▶ INSTRUCTIONS FOR THE TASK
The following data is to be repeated exactly, its pictures excluded.

▶ PROVIDED DATA
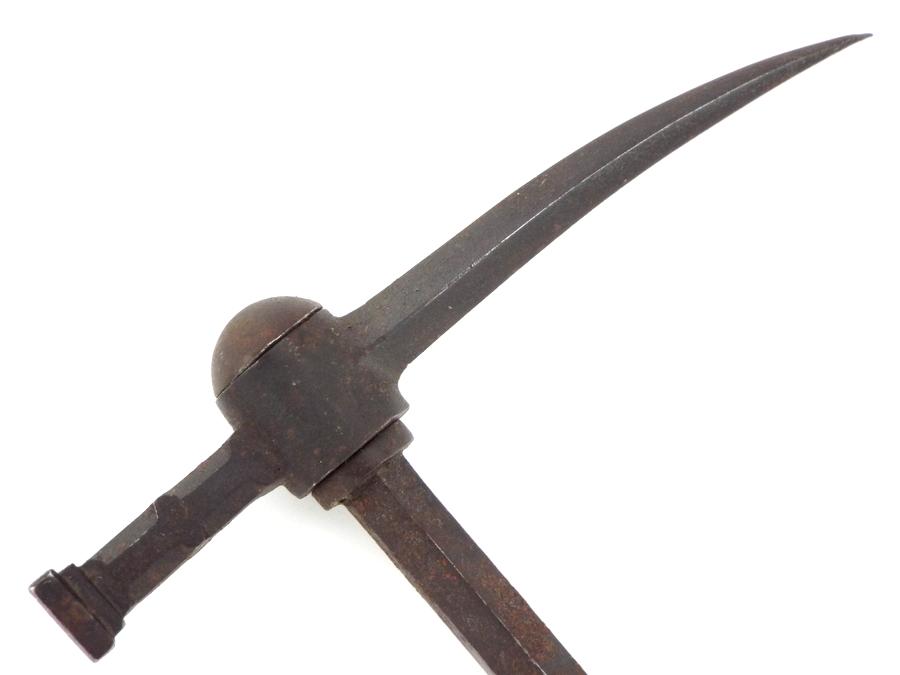 Restrained But Deadly And Very Combat-worthy 16th-17th C. German, Polish Or Hungarian War Hammer Bat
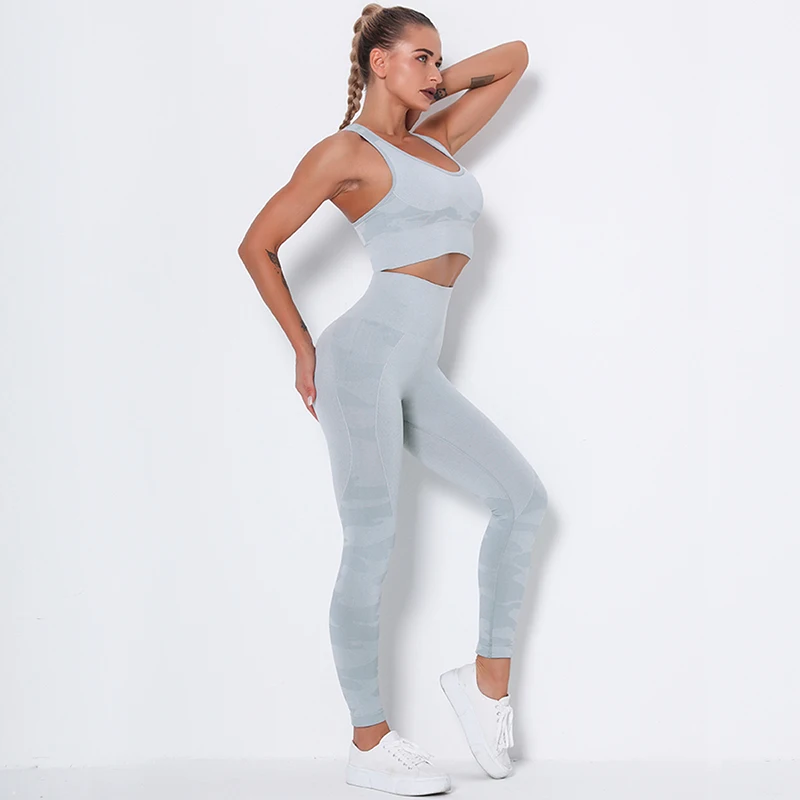 18529137426_1824471394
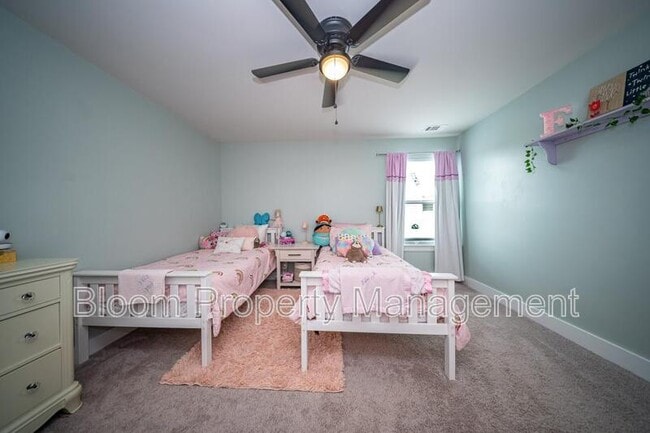 Building Photo - 5008 Cedar Brush Ct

▶ YOUR SOLUTION
 Restrained But Deadly And Very Combat-worthy 16th-17th C. German, Polish Or Hungarian War Hammer Bat
 18529137426_1824471394
 Building Photo - 5008 Cedar Brush Ct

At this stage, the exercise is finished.